*** INFORMATION SUPPLIED Section Begins ***
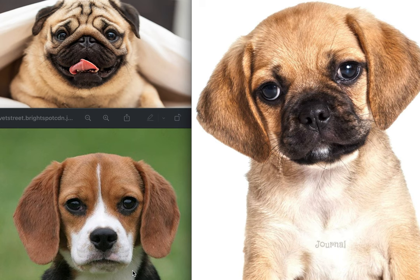What do you get when a beagle and a pug has a kid? You get a puggle. You notice the ears from the beagle and the face from the pug.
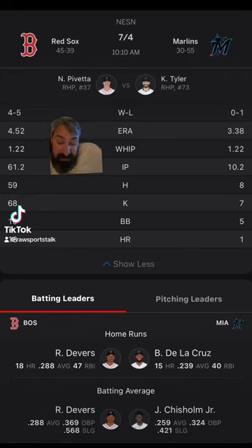Marlins hosting the Red Sox. The Red Sox are minus 166 on the money line. The Marlins are plus 140. The over/under is eight runs.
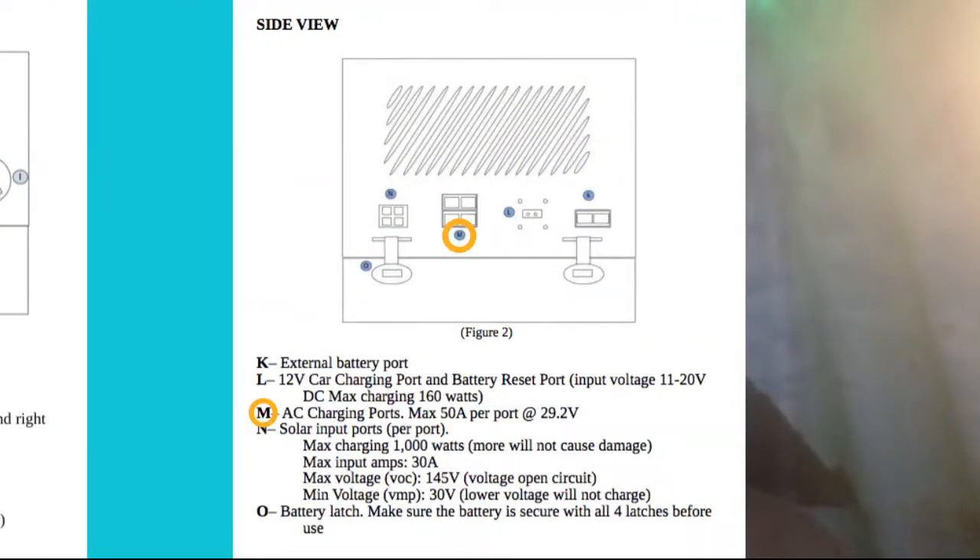On the side view, this is mainly where you charge from different sources. The Titan has dual AC charge ports — you can attach two wall chargers for twice the charging power. It also has Anderson Power Pole connectors rated at max 1000 watts for a single battery, so with two batteries and both connectors you can get up to 2000 watts of solar input.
*** INFORMATION SUPPLIED Section Ends ***
- _WHAT YOU WILL DO_
Your task is to retype exactly the lines that run from the line with "Marlins hosting the" through the last line of the material, with the pictures left out.

- _SOLUTION_
Marlins hosting the Red Sox. The Red Sox are minus 166 on the money line. The Marlins are plus 140. The over/under is eight runs.
On the side view, this is mainly where you charge from different sources. The Titan has dual AC charge ports — you can attach two wall chargers for twice the charging power. It also has Anderson Power Pole connectors rated at max 1000 watts for a single battery, so with two batteries and both connectors you can get up to 2000 watts of solar input.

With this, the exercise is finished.